Website build: coding with Claude
Tim Girling-Butcher • November 18, 2025
I’ve been working with my organisation's website — built with Sanity and React/Next.js — for several years, but I hadn’t had many opportunities to properly familiarise myself with the tech stack. With the site live, the risks of breaking something or simply embarrassing myself were high.
So I decided to build a fully-functional platform and learn by struggling through the real work: wiring up schemas, GROQ queries, dynamic routing, image pipelines, and all the deployment oddities. Hands-on experimentation is the main way I actually learn and retain information, and I wanted to understand how Next.js 16 handles server components, how Sanity’s structure builder behaves once you push it beyond the basics, and how the whole stack holds up once real content starts moving through it.
At the same time, I used the project as a chance to experiment with Claude Code as a kind of pair-programmer. Instead of treating AI as a shortcut, I approached it as a debugging partner and pattern-spotter - giving it discrete tasks, watching how it refactored or reasoned about the code, and testing where it genuinely improved my workflow versus where it wandered into rabbit holes or simply hit a wall. It became a way to learn both the stack (its knowledge of this ecosystem is genuinely encyclopaedic) and the practical limits of AI-assisted development at the same time.
Being completely new to this setup, the learning curve was steep. I quickly found myself leaning heavily on Claude to design solutions and troubleshoot roadblocks. Before long, I was surprised by how reliably it could untangle issues, and that reliability meant the pace of work accelerated far faster than it would have if I’d been learning everything unaided.
Before unpacking the role AI played in the build - and how well it actually performed - it’s worth first outlining the core modules I developed: the components that now form the site’s framework and underpin most of its functionality.
Modules
There were a range of modules I wanted to develop and utilise. Listed below as a reference and in no particular order.
Hero video
The Hero Section (see above) is the full-screen intro block used for big, cinematic openings. It supports high-quality video backgrounds (H.265, WebM, H.264, full-back image or a direct URL) with an optional poster image, or a simple gradient fallback when no video is provided. An adjustable overlay keeps text readable, while the title and subtitle are centred and fully driven by Sanity.
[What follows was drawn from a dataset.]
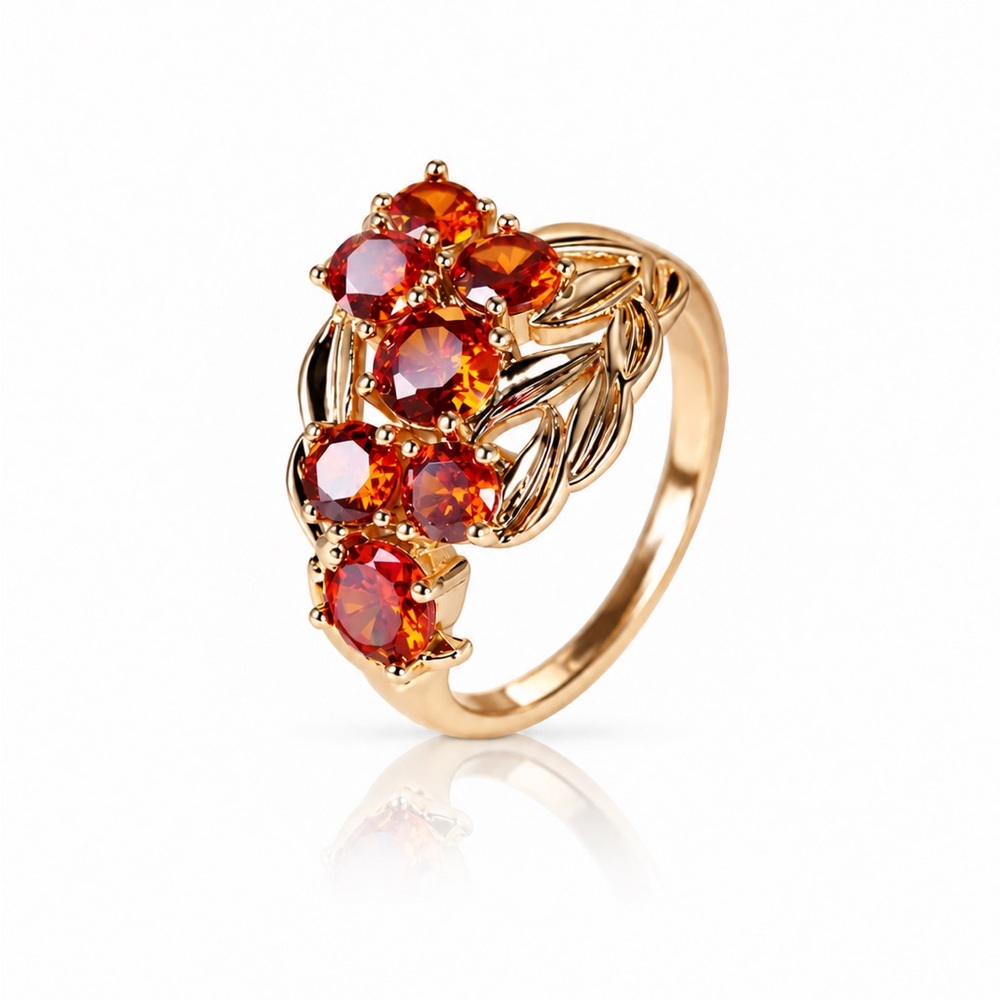 Gold-Tone Orange Crystal Cluster Ring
It’s a lightweight, flexible way to create bold, immersive page headers.
Photo gallery
PhotoSwipe is the image-viewer layer that powers all of my gallery and pop-up interactions. It gives the site a fast, touch-native way to browse high-resolution images, handling pinch-zoom, smooth panning, swipe navigation and responsive scaling without adding unnecessary bulk. Unlike many gallery libraries, it doesn’t force a specific layout or markup structure, which means I can design my own grid components and use PhotoSwipe purely for the viewing experience. This keeps the visual design flexible while still delivering a polished, app-like feel when a user taps into an image.
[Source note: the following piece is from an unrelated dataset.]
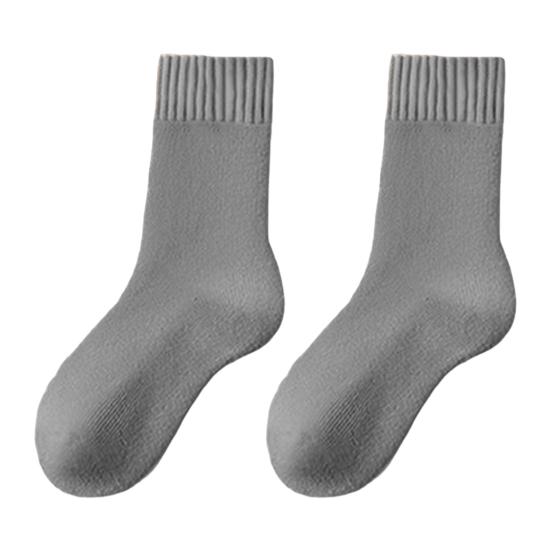 1 Pair Women Winter Socks Solid Color Ribbed Cuffs Thickened Plush Lining Sleeping Socks Autumn Winter Daily Wear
PhotoSwipe also integrates cleanly with Next.js and plays well with the Sanity image pipeline. Each gallery pulls in structured image data — source, alt text, aspect ratio, crop, hotspot — and hands it off to a lightweight React wrapper that initialises the viewer only when needed. That lets me lazy-load both images and the PhotoSwipe module itself, keeping pages fast and reducing visual shift. The result is a self-contained module that gives me complete control over presentation while ensuring users get a smooth, intuitive way to explore detailed visual content.
Parallax
The Parallax Section is a flexible hero block that lets me place text over either an image or video background with a smooth scroll or scale-based parallax effect. It uses lightweight, GPU-accelerated transforms to keep motion fluid, and supports multiple layout options — height, text alignment, overlays, gradients, and Sanity hotspots — so the same module can be reused across very different page types.
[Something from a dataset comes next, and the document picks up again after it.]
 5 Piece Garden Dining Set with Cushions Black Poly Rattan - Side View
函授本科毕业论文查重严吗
Content is fully driven by Sanity: titles, subtitles, and rich text flow into a responsive layout that adapts to mobile and desktop. Backgrounds can be high-res images or multi-format videos, and all the scroll logic is handled automatically. It’s a self-contained way to create atmospheric, cinematic sections without custom coding each time.
Paralax
A subtitle field
Body text for writing general copy.
Text block
The Text Section is a simple, flexible content block for long-form writing. It renders Portable Text from Sanity using shared text components and supports adjustable width, alignment, spacing, and optional colour inversion for light-on-dark or dark-on-light layouts. It’s the building block for clean, readable content without custom styling each time. it includes:
Code block
export default function TextSection({ section }: { section: any }) {
const maxWidthClasses = {
small: 'max-w-2xl',
medium: 'max-w-3xl',
large: 'max-w-4xl',
full: 'max-w-full',
}Table
This module lets a user paste in Excel data and have it automatically lay out as a table. Sanity doesn’t offer an easy native solution for tables, so getting this working was genuinely tricky.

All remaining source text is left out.